Antonia Maria Verna (12 June 1773 – 25 December 1838) was an Italian Roman Catholic religious sister and the founder of the Suore di carità dell'Immacolata Concezione. Verna left her hometown when she was fifteen due to increasing offers of marriage (which she did not want to accept) and returned sometime later when she decided to pursue her religious vocation. Her emphasis was on catechism and founded her religious congregation to better teach catechism to children as well as to tend to ill people.

Her beatification process launched after her death in the 1930s and she was titled as a Servant of God while the confirmation of her life of heroic virtue enabled for her to be titled as venerable on 19 December 2009. Pope Benedict XVI approved a miracle attributed to her intercession which would allow for Verna's beatification; Cardinal Tarcisio Bertone presided over her beatification in 2011 on the pope's behalf.

==Life==
Antonia Maria Verna was born in Pasquaro, village close to Rivarolo Canavese, on 12 June 1773 to the poor peasants Guglielmo Verna (1743-24.3.1798) and Domenica Maria Vacheri (b. 1748) as the second of three children (her parents were married on 24 January 1759); her baptism was celebrated mere hours after her birth in the San Giacomo in Rivarolo church.

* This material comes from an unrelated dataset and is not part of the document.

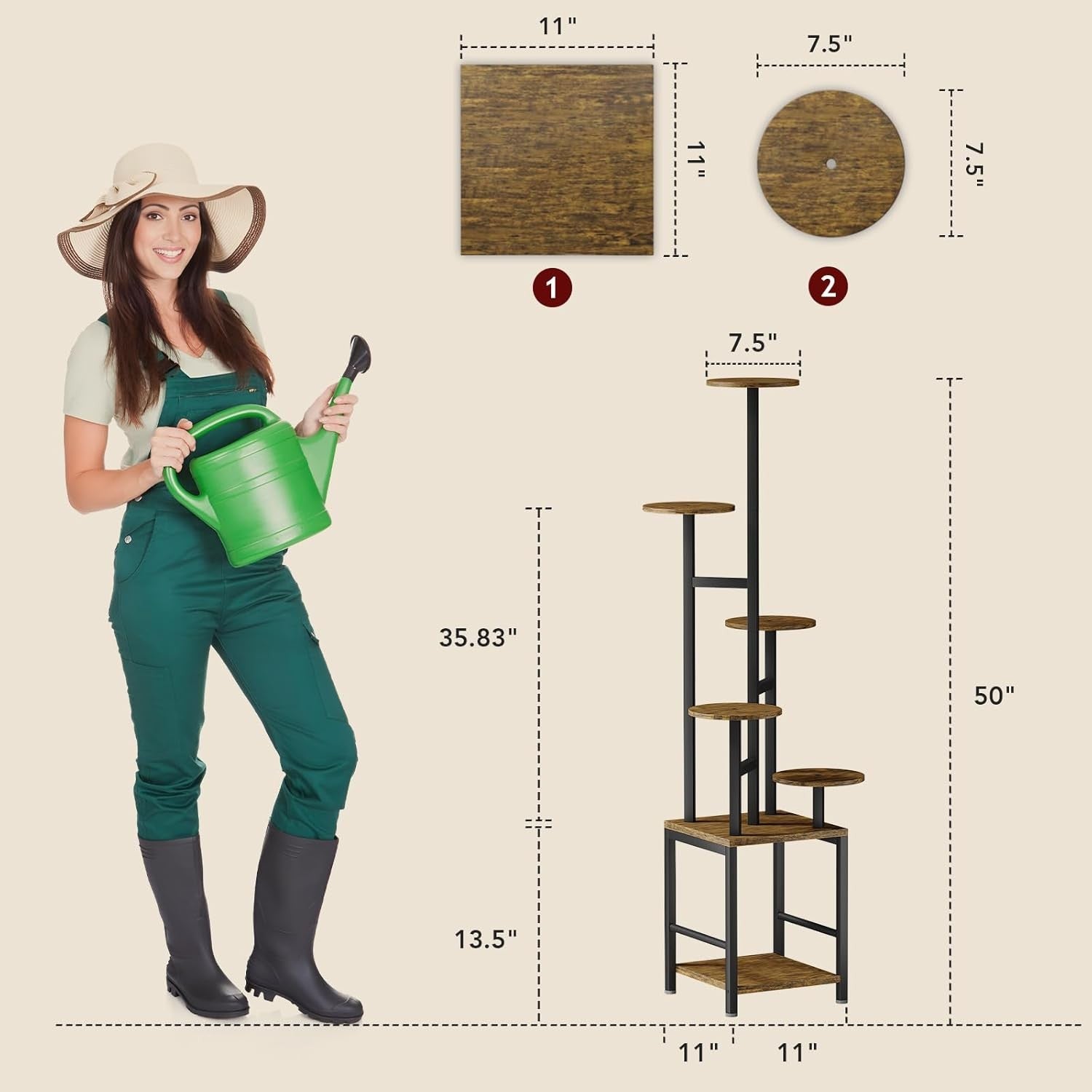 6-Tier Metal Plant Stand with Adjustable LED Grow Light | Tall Indoor Display Ra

Her siblings were Michele Domenico (b. 12 October 1769; died some months after his birth) and Michele Andrea Verna (b. 30 November 1775). Her paternal uncle was Giovanni Ludovico and her paternal aunts were Domenica Maria and Maria Maddalena. Her maternal grandparents were Michele Vacheri and Francesca Maria Meaglia. Verna cultivated her deep religious calling as a child (which came from her mother who was responsible for her religious upbringing) and intensified her devotion to Saint Joseph whom she elected as her special patron. Verna also had a devotion to the Child Jesus. Her father died in 1798 following a sudden but brief illness.

In her adolescence she began to feel a call to religious life and began to teach catechism to the children in her village while attending the Institute of San Giorgio Canavese as a student. It was when she turned fifteen in 1788 that she began to open herself to whatever God would want of her; her parents wanted her to find a husband but she announced her intention to consecrate herself to God (she also made a private vow to remain chaste). But she did have several suitors and to that end left her hometown to leave behind potential marriage prospects. Verna did not return to her hometown until 1789.

In 1806 she established a small group that would soon become her new religious congregation. Their aim was to teach and catechize to children as well as care for those who were ill in their own homes. Their first home opened in 1819 and King Charles Felix granted secular approval to the order on 7 March 1828. The local bishop granted his diocesan approval to this institute on 10 June 1828.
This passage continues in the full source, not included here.